A New York car dealer puts an ad in The New York Times offering to tithe a certain amount per every sale to the victims of Hurricane Katrina. A small manufacturer issues a press release pledging to give $1 for each case of its products sold through the end of the year. Such donations aren’t uncommon following a major disaster. But are they really charity or just a cynical sort of marketing?
That depends, says the head of a marketing company that relies heavily on current trends to advise clients such as Wells Fargo and the Ladies Professional Golfers’ Association.
The gamble is that the public will think “you’re trying to take a horrific human tragedy and turn it into a promotion,” cautions Erik Hauser, founder of the San Francisco-based Swivel Media. “Let’s say you’re a company in great standing with the American public and everyone loves you and you have not had any corporate scandals, someone like Home Depot. If Home Depot does it, it’s not seen as really self-serving; it shows good corporate citizenship.”
But, he adds, companies whose hold on the public’s good graces is a bit more tenuous face a risk of appearing self-serving. “If you have Wal-Mart – a lot of people are anti-Wal-Mart.
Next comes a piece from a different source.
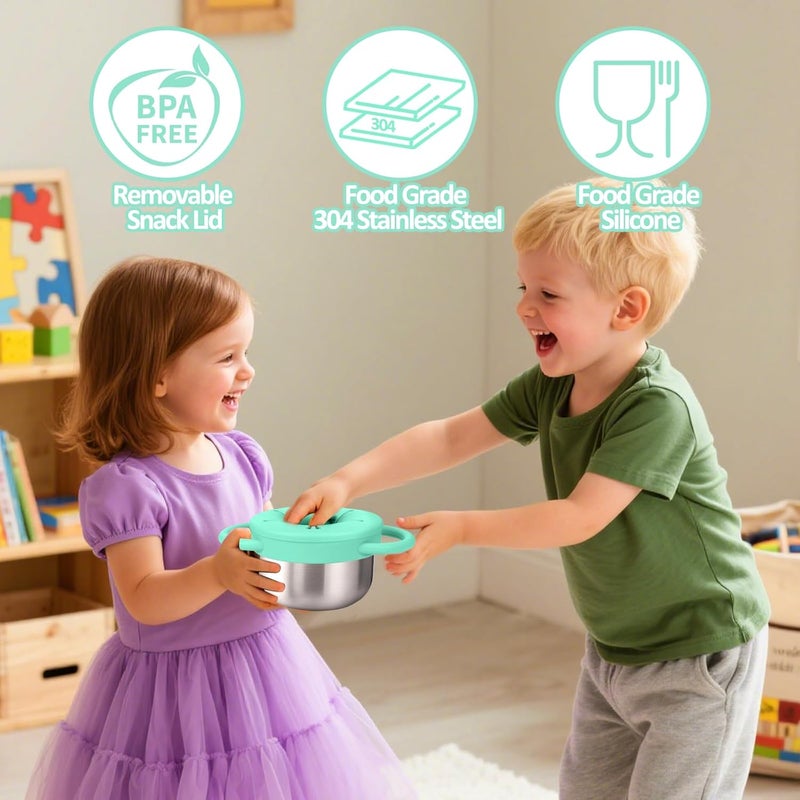 BUSOHA Stainless Steel Toddler Snack Cups - 9 OZ Spill-Proof Baby Snack Containers with Silicone Catcher and Lid Travel Snack Containers for Kids Food Grade Silicone Dishwasher Safe,Green - Image 4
It’s a little bit risky for them,” Hauser says. And it could be downright detrimental for a firm like Enron; consumers would read its motives entirely in the negative.
What if you’re a small business trying to help by tying contributions to sales? Issuing a press release or running an ad touting your actions could backfire, Hauser says. Instead of calling attention to their generosity, he suggests that companies might be better off giving employees a week off to volunteer in the Gulf Coast.
“You saw Sean Penn out there in a dinghy raff. He really cares. He takes a lot of heat, but no one could criticize that,” Hauser says.
Companies that publicize their charitable efforts counter that doing so encourages other people to help out. But Hauser, who will lead two workshops on branding at next month’s PROMO Marketing Conference & Expo in Chicago (the expo, like CHIEF MARKETER, is owned by Primedia Business Magazines & Media), advises companies that want the public to know about their gifts to do it subtly. Instead of sending out a release, he suggests calling up a favorite reporter or two and let them decide if there was a good story to be told.
“You don’t want to shout from the mountaintops,” Hauser says.